Dommage. Esa Pekka-Salonen dirige en magicien du son et en chef de théâtre, oscillant avec maestria entre les irisations impressionnistes, les grands élans lyriques et, pour la Chasse sauvage de la dernière partie, les explosions de violence primitive – rien d’étonnant de la part de celui qui se montre aussi mémorable dans Tristan que dans Le Sacre et auquel l’œuvre semble destinée. Ainsi s’en trouvent assumées les différentes dimensions : les Gurrelieder relèvent à la fois du cycle de lieder, de la cantate et de l’opéra. Mais il vaut mieux, pour apprécier l’équilibre entre clarté analytique, sensualité capiteuse et urgence dramatique, se remémorer tel ou tel concert (à Pleyel, par exemple, où chantaient d’ailleurs certains solistes de l’affiche de Saint-Denis) ou revenir au live édité par Signum.

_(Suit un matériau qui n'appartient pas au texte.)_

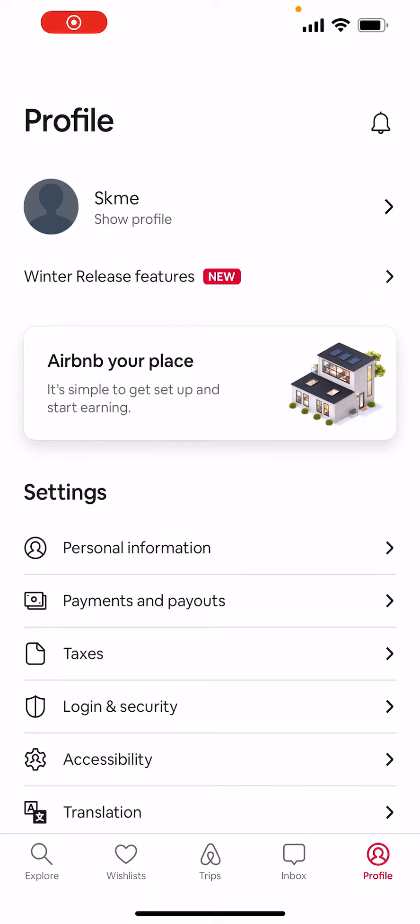Hey guys, today I'm gonna show you how to search only for tiny homes in the Airbnb application. But before I do that, I want to say one thing: please subscribe, comment, and like our videos because it really helps us to grow.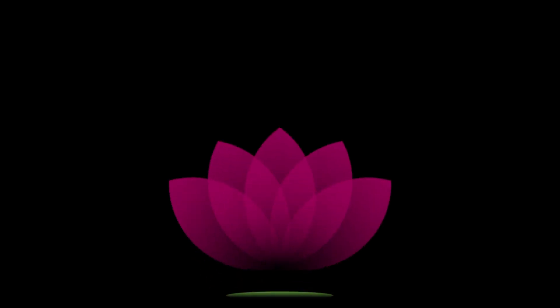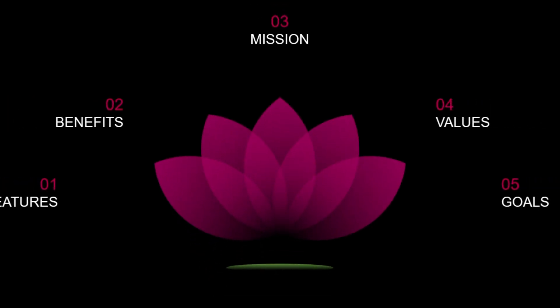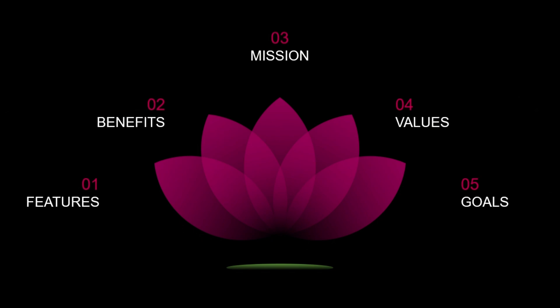Want to bring your slides to life? Stick around. We will show you how to create a stunning lotus flower animation in PowerPoint.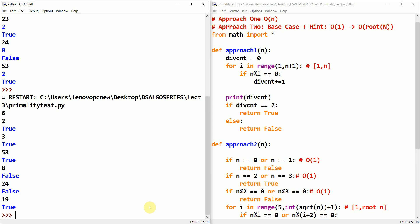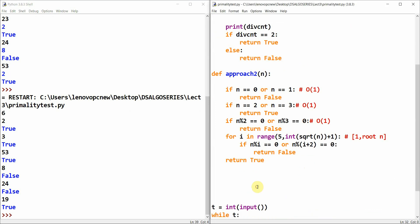So approach two is the more efficient approach for finding prime numbers. We will carry on with number theory in the next tutorial. Thank you so much, guys!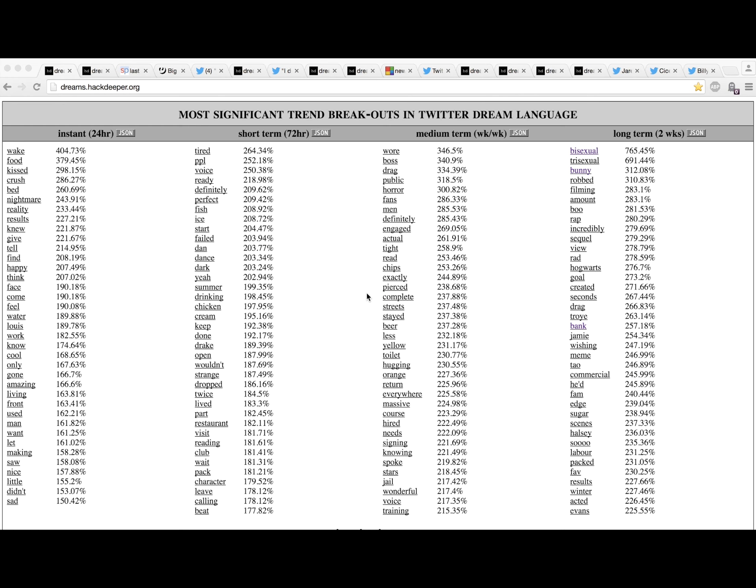Good morning, it is Thursday, August 6th at 10:19 AM PST. This is the Dream Weather Report in two minutes. Today we have bisexual and trisexual coming off the top of the boards at unreal levels. Basically, we know this is false.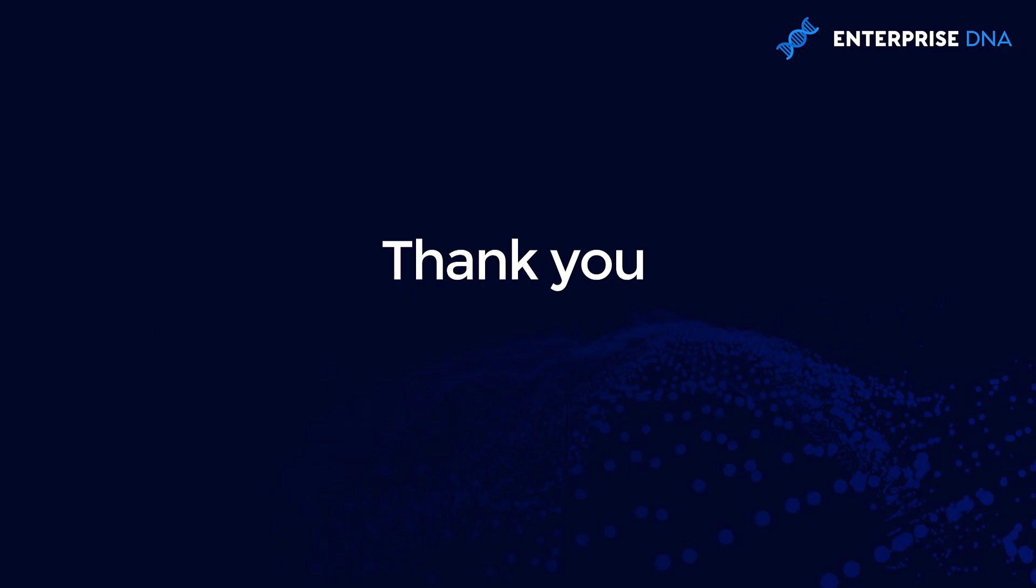Thank you for tuning in, this is George Mount with Enterprise DNA. Hey everyone, thanks for tuning in to Enterprise DNA TV. If you enjoyed the content covered in this tutorial, please throw the video a like—it really helps us. Don't forget to subscribe to the Enterprise DNA TV channel. We have a huge amount of content coming out all the time from myself and a range of content creators, all dedicated to improving the way you use Power BI and the Power platform. Lastly, check out Enterprise DNA's website—plenty of resources and further learning that you can access very easily. All the best, take care.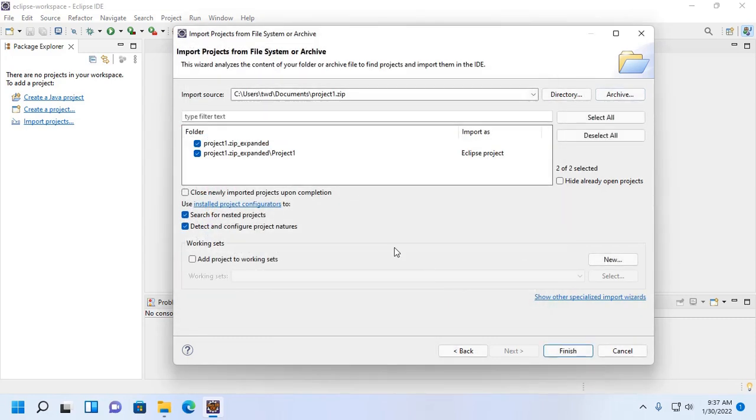Now click on finish. You can add this project to working sets.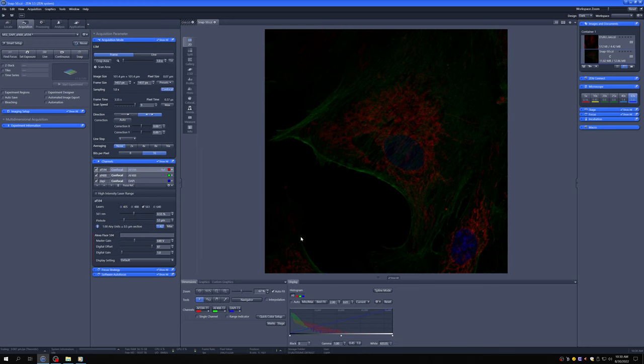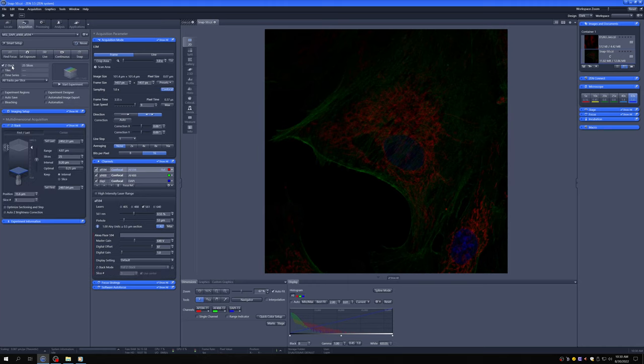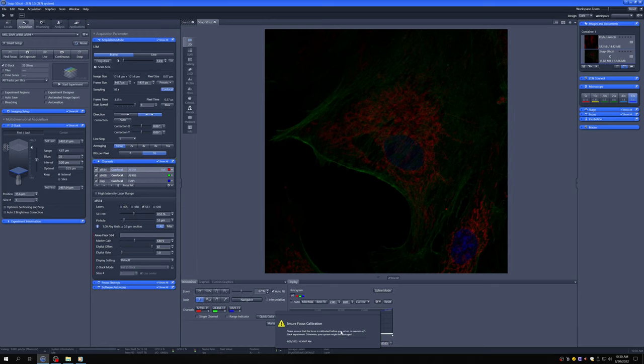Then, once we're happy with that, we can engage Z-stack mode, and that will open this up here. You can ignore this ensure focus calibration. That doesn't apply to you.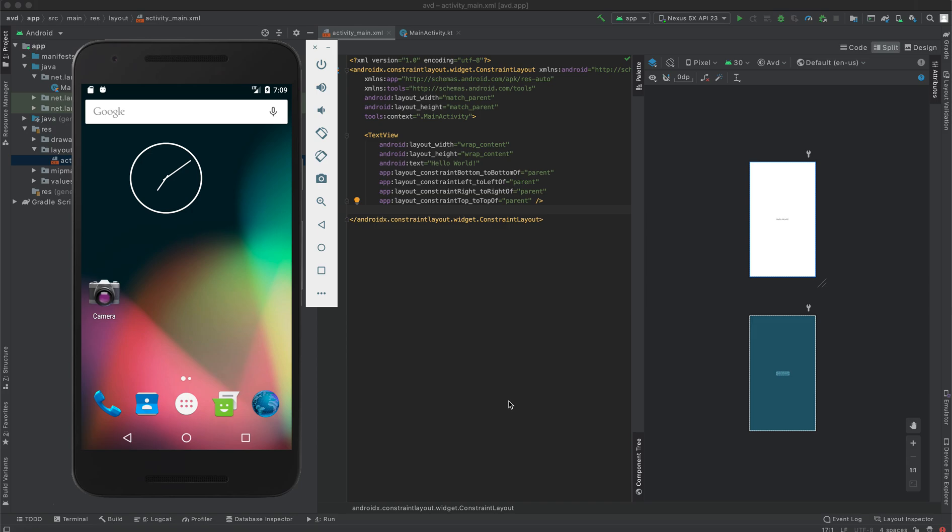Hey guys, welcome to Android Studio class and today we are going to learn how to create an emulator.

Déjà soumis à rude épreuve par Schoenberg, les solistes, parfois, peinent évidemment à passer – à commencer par le Paysan de David Soar, fort belle voix au demeurant. Camilla Tilling, de toute façon, n’est pas un soprano dramatique. Mais elle remplace Alwyn Mellor au pied levé et auréole Tove d’une lumière fragile, plus Eva qu’Isolde, séduisant par la beauté délicate du phrasé. L’endurant Robert Dean Smith phrase aussi, là où beaucoup s’époumonent, certes un peu juste dans une troisième partie exigeant plus d’héroïsme, mais il prolonge pertinemment Tristan à travers Waldemar – si familier de sa partie qu’il chante sans partition. Michelle De Young est une heureuse surprise par le déploiement ému et stylé de son généreux mezzo dans le lied du Ramier, avec des registres soudés. On se doutait que Wolfgang Ablinger-Sperrhacke, formidable, ferait du Bouffon un avatar de Mime, alors que le Récitant est ici une actrice, qui nous conduit ainsi aux portes du Pierrot lunaire.


Le chœur ? Difficile, encore une fois, d’en parler dans de telles conditions. Le lever de soleil final, en tout cas, ne produit plus aucun effet. Les Gurrelieder à Saint-Denis ? Malgré Saint-Denis, plutôt.